## Exercise description
What is needed is an exact copy of the line with "Ivory Lane Eyelet Top" and all lines that follow it in the entries below, the last line included.

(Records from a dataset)
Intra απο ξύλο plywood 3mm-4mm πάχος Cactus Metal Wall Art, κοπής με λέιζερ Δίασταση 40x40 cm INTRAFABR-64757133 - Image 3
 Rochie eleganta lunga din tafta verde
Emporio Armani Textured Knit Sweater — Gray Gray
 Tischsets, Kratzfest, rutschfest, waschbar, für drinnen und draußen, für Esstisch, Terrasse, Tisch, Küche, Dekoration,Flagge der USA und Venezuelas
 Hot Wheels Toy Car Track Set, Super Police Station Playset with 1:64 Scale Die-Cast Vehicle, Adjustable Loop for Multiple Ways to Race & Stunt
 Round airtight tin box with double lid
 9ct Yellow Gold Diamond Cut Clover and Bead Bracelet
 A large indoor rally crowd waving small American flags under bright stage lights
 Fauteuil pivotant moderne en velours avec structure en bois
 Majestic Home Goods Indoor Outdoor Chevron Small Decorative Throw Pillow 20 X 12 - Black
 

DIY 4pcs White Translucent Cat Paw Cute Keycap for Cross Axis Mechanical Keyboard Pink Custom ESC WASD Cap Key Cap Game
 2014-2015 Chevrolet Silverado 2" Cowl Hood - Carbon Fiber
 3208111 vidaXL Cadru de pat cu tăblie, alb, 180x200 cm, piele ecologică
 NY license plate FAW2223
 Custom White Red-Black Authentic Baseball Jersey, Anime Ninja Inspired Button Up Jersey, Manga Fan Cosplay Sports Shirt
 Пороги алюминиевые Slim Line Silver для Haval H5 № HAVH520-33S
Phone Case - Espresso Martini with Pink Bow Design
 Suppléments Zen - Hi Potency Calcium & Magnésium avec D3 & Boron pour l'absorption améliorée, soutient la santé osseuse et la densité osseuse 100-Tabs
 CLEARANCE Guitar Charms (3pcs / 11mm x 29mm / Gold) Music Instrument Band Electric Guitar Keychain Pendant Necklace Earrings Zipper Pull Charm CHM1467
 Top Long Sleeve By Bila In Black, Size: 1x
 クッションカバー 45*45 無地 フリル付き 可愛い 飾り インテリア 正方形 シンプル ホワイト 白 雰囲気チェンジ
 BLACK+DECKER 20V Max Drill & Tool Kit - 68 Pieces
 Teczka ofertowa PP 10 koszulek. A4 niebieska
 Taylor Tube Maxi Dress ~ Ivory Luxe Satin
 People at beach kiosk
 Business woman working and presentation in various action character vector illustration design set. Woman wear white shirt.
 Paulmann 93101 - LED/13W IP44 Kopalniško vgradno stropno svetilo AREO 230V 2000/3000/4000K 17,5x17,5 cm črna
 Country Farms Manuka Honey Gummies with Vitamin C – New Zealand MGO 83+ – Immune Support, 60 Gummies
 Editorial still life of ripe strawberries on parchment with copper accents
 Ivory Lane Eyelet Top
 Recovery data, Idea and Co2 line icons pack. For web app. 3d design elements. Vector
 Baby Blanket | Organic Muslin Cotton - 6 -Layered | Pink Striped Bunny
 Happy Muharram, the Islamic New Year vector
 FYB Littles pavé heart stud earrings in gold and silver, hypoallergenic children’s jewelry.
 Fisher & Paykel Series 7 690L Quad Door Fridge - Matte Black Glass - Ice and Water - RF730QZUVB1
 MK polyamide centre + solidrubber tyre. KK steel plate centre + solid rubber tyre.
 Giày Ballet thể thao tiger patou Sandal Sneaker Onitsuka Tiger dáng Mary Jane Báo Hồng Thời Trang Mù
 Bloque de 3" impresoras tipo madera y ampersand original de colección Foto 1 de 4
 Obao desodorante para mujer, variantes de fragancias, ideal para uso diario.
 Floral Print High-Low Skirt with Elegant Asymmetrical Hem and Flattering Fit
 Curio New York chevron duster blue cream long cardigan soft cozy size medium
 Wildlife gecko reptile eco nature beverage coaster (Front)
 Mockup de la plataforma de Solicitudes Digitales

## Result of the task
 Ivory Lane Eyelet Top
 Recovery data, Idea and Co2 line icons pack. For web app. 3d design elements. Vector
 Baby Blanket | Organic Muslin Cotton - 6 -Layered | Pink Striped Bunny
 Happy Muharram, the Islamic New Year vector
 FYB Littles pavé heart stud earrings in gold and silver, hypoallergenic children’s jewelry.
 Fisher & Paykel Series 7 690L Quad Door Fridge - Matte Black Glass - Ice and Water - RF730QZUVB1
 MK polyamide centre + solidrubber tyre. KK steel plate centre + solid rubber tyre.
 Giày Ballet thể thao tiger patou Sandal Sneaker Onitsuka Tiger dáng Mary Jane Báo Hồng Thời Trang Mù
 Bloque de 3" impresoras tipo madera y ampersand original de colección Foto 1 de 4
 Obao desodorante para mujer, variantes de fragancias, ideal para uso diario.
 Floral Print High-Low Skirt with Elegant Asymmetrical Hem and Flattering Fit
 Curio New York chevron duster blue cream long cardigan soft cozy size medium
 Wildlife gecko reptile eco nature beverage coaster (Front)
 Mockup de la plataforma de Solicitudes Digitales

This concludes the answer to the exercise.